About this task: Among the lines below, the one containing "Mns Atwood port royale/wht cord sneaker" opens the range and the one containing "HTC EVO Shift" closes it. Print that range exactly, without the pictures.

Exercise input:
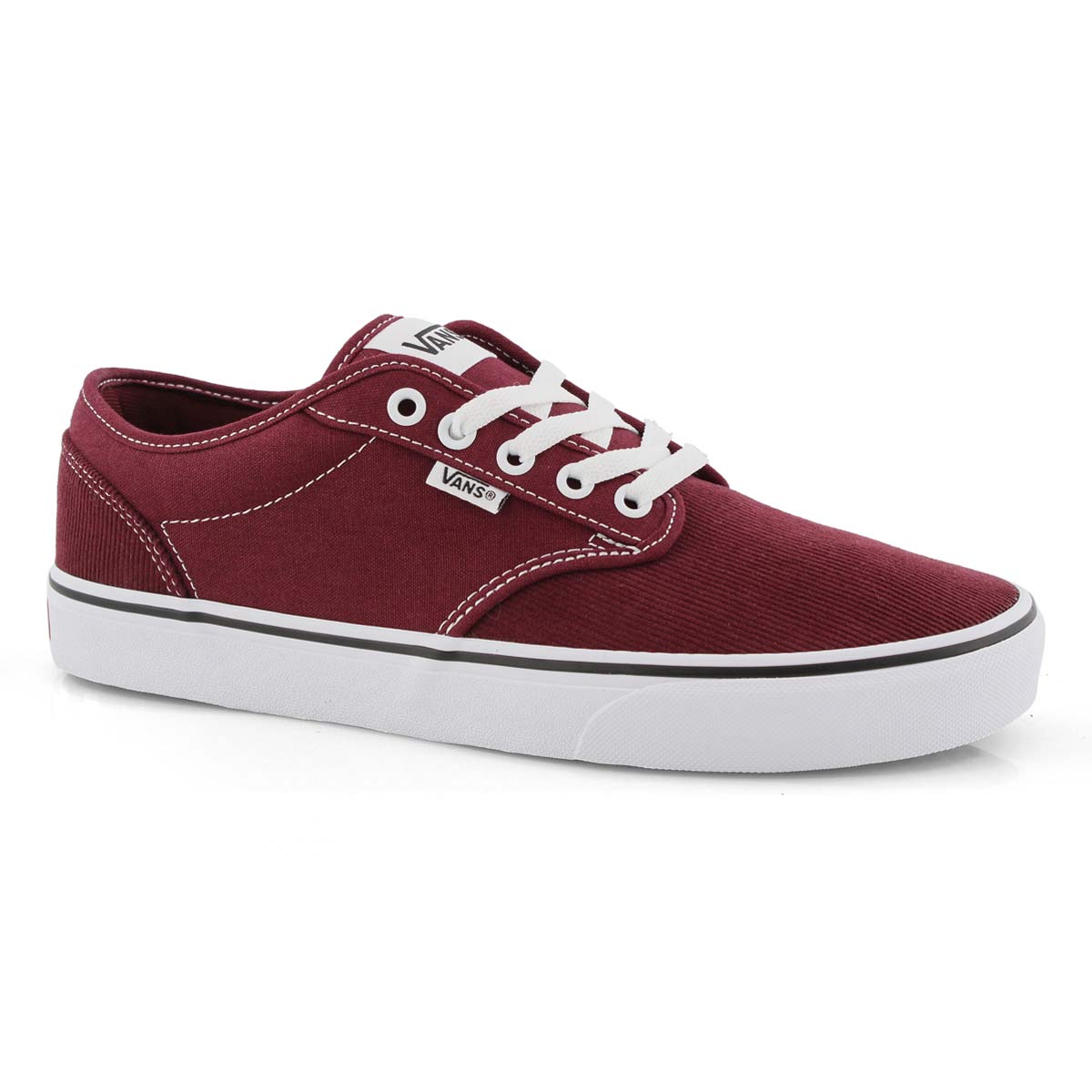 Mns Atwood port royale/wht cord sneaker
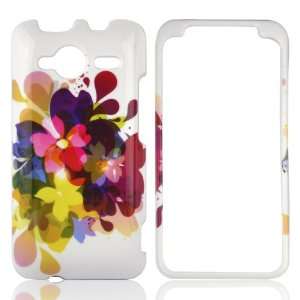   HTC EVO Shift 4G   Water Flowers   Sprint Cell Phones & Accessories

---

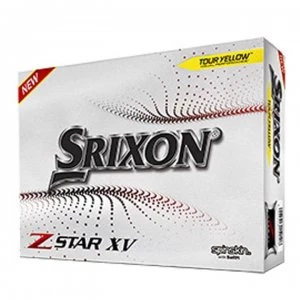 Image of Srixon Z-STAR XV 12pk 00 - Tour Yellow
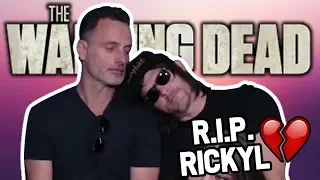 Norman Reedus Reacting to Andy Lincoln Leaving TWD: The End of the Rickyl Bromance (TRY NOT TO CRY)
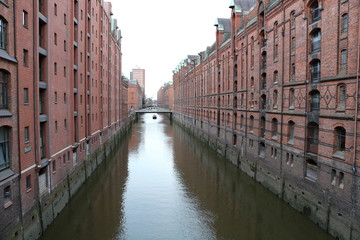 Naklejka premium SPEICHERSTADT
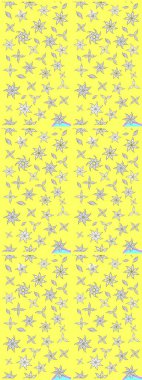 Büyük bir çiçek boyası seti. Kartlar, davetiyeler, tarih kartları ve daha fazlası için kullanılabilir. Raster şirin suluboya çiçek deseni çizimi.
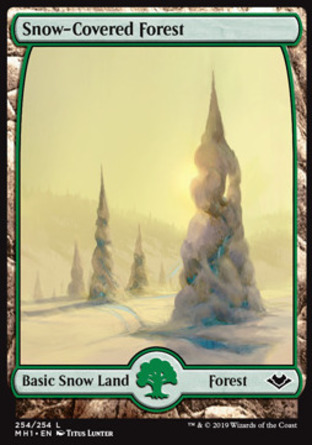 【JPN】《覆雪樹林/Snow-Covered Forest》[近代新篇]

Task answer:
 Mns Atwood port royale/wht cord sneaker
   HTC EVO Shift 4G   Water Flowers   Sprint Cell Phones & Accessories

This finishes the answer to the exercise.